IL CAMBIAMENTO IN ATTO

Il 5G, spiegano gli esperti, comporterà un cambiamento davvero significativo rispetto a quello che si è visto con le reti 4G. In primo luogo consentirà la connessione a molti più dispositivi Iot. Tutto, dalla telemedicina alle reti di trasporto autonome, si appoggerà a questa rete. Questo perché la velocità supererà di oltre 100 volte quella attuale con una latenza molto bassa, fino a un millisecondo.

LO SCENARIO

Paesi come Australia e Giappone hanno subito dato seguito all’allarme americano, escludendo il colosso di Shenzhen dalla partecipazione alla costruzione dell’infrastruttura a supporto della rete 5G. Alcune nazioni stanno ancora cercando di elaborare il loro approccio nei confronti della telco, mentre altrettante – come Germania, Regno Unito e Francia – hanno deciso che non vieteranno espressamente a Huawei la possibilità di partecipare alle gare per la costruzione della rete 5G – ma hanno fatto sapere che predisporranno specifici e severi controlli.

LA POSIZIONE DELL’ITALIA

Quanto all’Italia, invece, per quanto riguarda il 5G (sul quale ha recentemente accesso i riflettori anche il Garante Privacy), Roma ha finora deciso di non escludere a priori le aziende della Repubblica popolare cinese.

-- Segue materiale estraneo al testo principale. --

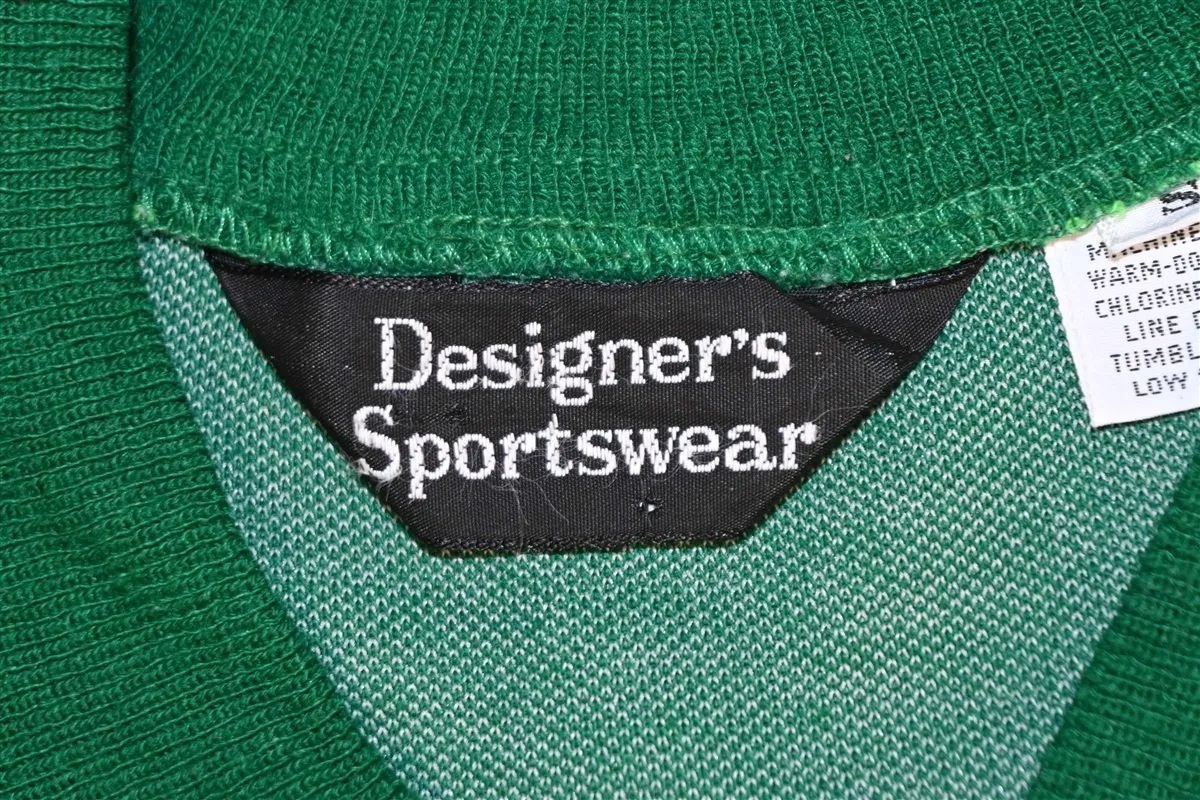 80s Designer Sportswear Green Zip Up Track Jacket Small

Più di un mese fa, attraverso una nota del Mise, è stata smentita l’intenzione di precludere alle aziende cinesi (la cui presenza è da tempo, ha raccontato Formiche.net, all’attenzione dei servizi segreti e del Copasir) lo sviluppo della nuova tecnologia in Italia. Il governo ha poi proceduto all’istituzione di un nuovo Centro di valutazione e certificazione nazionale (Cvcn) presso l’Iscti del Mise, e all’estensione del Golden power – la normativa sulle prerogative ‘speciali’ che lo Stato può usare a difesa degli assetti societari nei settori della difesa e della sicurezza nazionale, nonché per le attività di rilevanza strategica in ambiti come l’energia, i trasporti e le comunicazioni – allargata alla stipula di contratti o accordi aventi ad oggetto l’acquisto di beni o servizi relativi alla progettazione, alla realizzazione, alla manutenzione e alla gestione delle reti inerenti i servizi” delle reti 5G, quando posti in essere con soggetti esterni all’Unione europea. Mitigare i rischi, però, ha evidenziato Strayer, potrebbe essere difficile.